It would be interesting to go look for surface rupture in the area, earthquakes don't occur all that often in northeastern Nevada. (bummer to be in a mine shaft in elko when it happened I bet) We are still within the window (next 3 or 4 days) for this to be a part of a larger event.
below is usgs stuff
The seismological data from this earthquake show that it occurred on a normal fault that trends roughly north-south and has a dip of 30-60 degrees. Based on the location, depth, trend of fault, and proximity to mapped active faults, the earthquake likely occurred on the west-dipping Independence Valley fault system. The fault zone bounds the western margin of the Pequop Mountains, which are located about 30 km east of Wells, Nevada. The entire fault system is approximately 64 km long and consists of a zone of subparallel range-front normal faults.

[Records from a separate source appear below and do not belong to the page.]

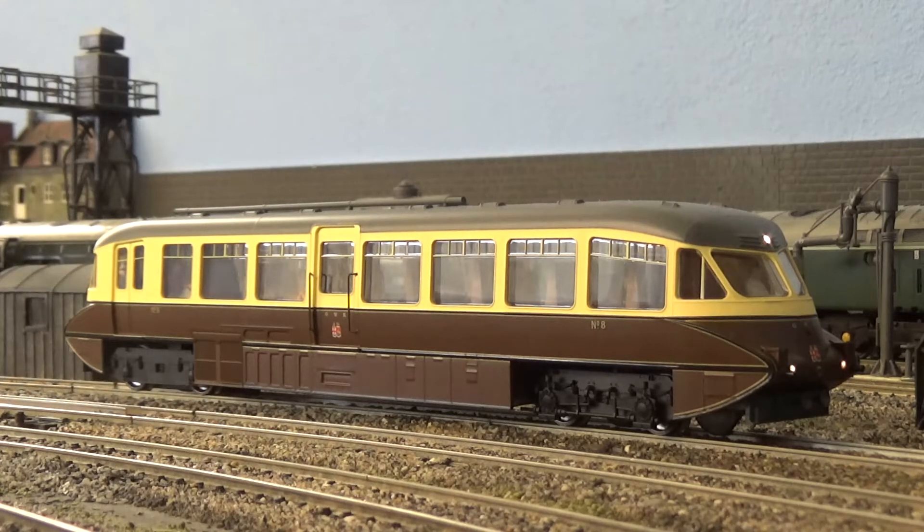Brake off. F5 door. F6 guards whistle. F7 communication bells. F8 flange squeal.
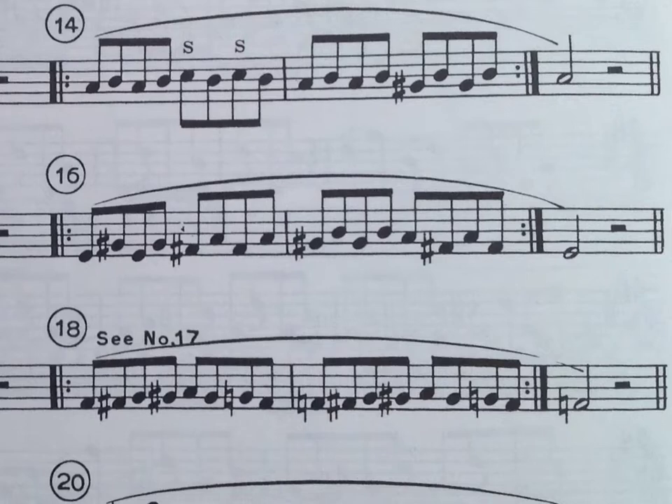I'm just slurring the whole thing — the whole two measures here. And I'll play it for you once slow so you can get an idea.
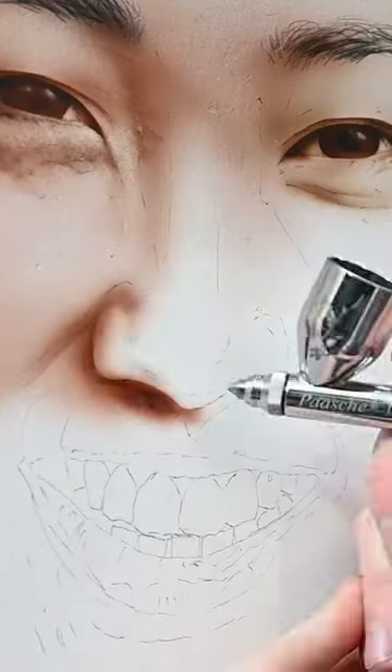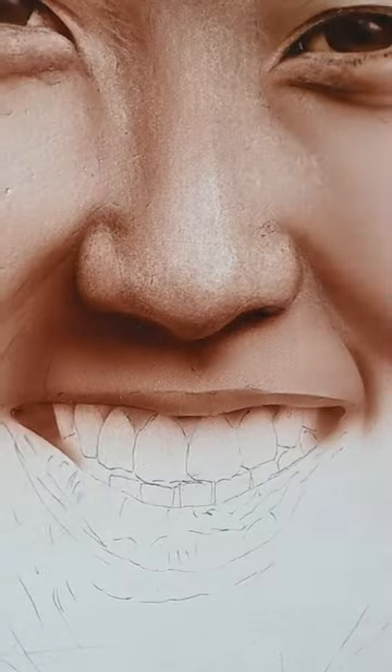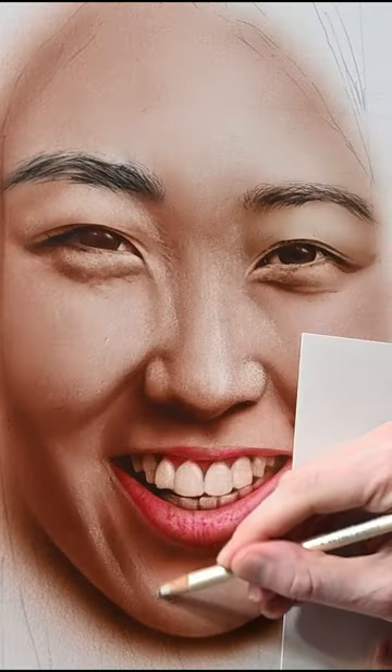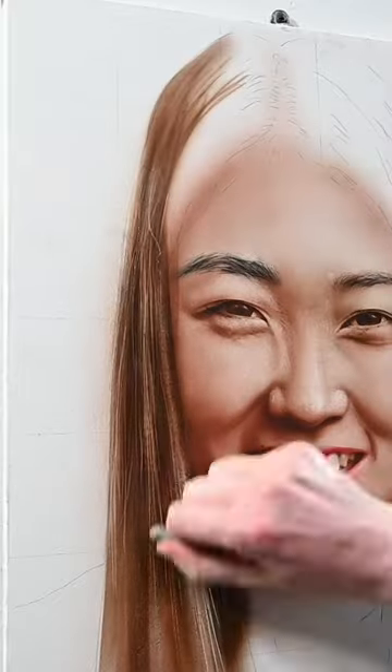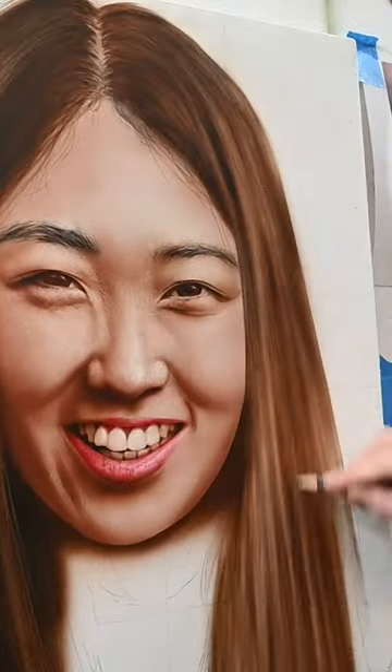Within the full video, I go over mixing flesh tones, how to use transparent colors for portraits, and subtractive erasing techniques for highlights and skin textures. It's definitely a video that's on the advanced side, but if you're interested in learning how to paint, check it out. And thank you so much for watching.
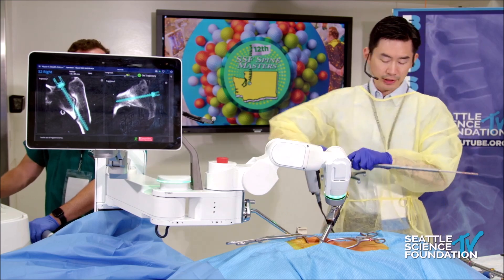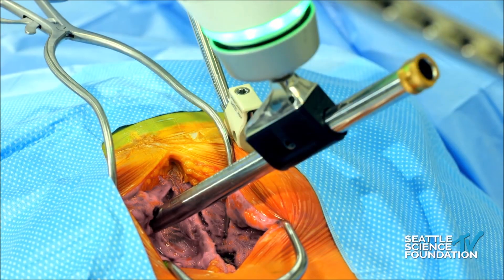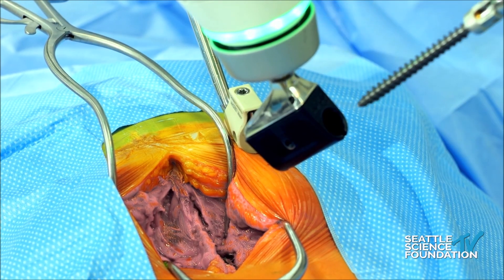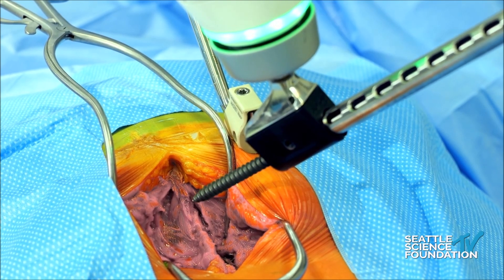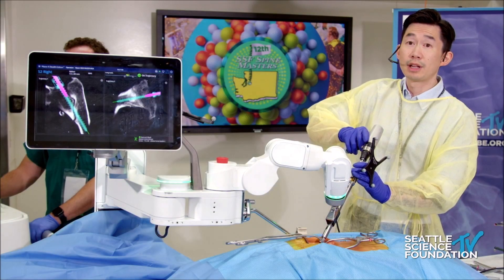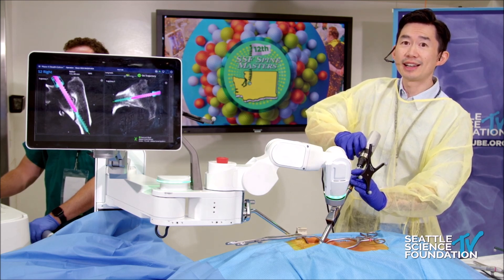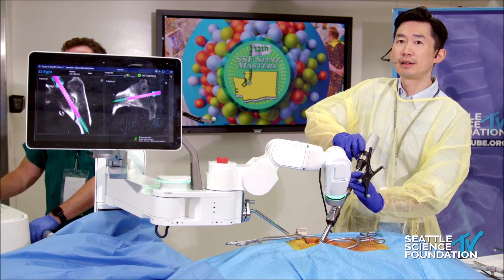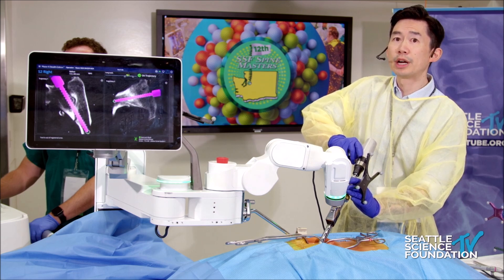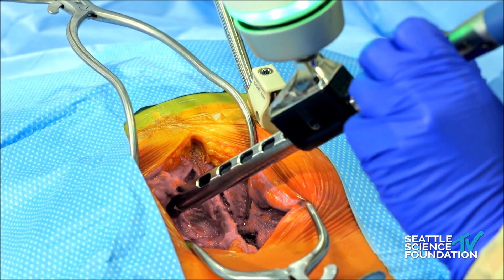And then the last is the screw itself. I do everything on power — it's certainly up to your comfort, but especially for surgeon longevity, power is really the way to go to make sure everything is in line with a very smooth delivery of force. You can see here the guidance of the robotic arm with placing of the screw. It seems almost mundane and straightforward, which really is a testament to how nice robotics is to place what was a very difficult screw at one point. Now you can place this screw, detach the drivers, and move on with the rest of the surgery.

The most recent surface rupture on the Independence Valley fault zone likely occurred several tens of thousands of years ago. Independence Valley, which lies to the west of the fault, was filled by Lake Clover during the time of the last major glacial advance about 15-20,000 years ago. The fault does not cut the highest shorelines of this lake, which indicates that the most recent movement on the fault predates the lake. In addition, a recent geological study to investigate the history of fault movements estimated that the most recent large earthquake that caused surface rupture occurred at least 42,000 years ago (Wesnousky and others, 2005). Smaller earthquakes that didn't rupture the ground surface likely have occurred more frequently on the Independence Valley fault zone.
Earthquakes in Nevada are not uncommon. One of the most significant sequences of earthquakes in the western U.S. occurred in Nevada during the first half of the 20th century. The sequence started in 1915, when a magnitude 7.3 earthquake occurred in Pleasant Valley south of Winnemucca. The sequence culminated with a series of four major earthquakes that ranged in magnitude between 6.6 to 7.1 in 1954 the vicinity of the Carson Sink and Dixie Valley. This sequence of earthquakes defines the Central Nevada Seismic Belt.
The geologic expression and studies of the Independence Valley fault zone indicate a relatively low long-term rate of activity, but this event demonstrates that the fault remains active and has the potential to generate larger earthquakes. It is noteworthy that the geologic expression of this range-front fault is similar to hundreds of other faults throughout the Basin and Range Province of the western United States.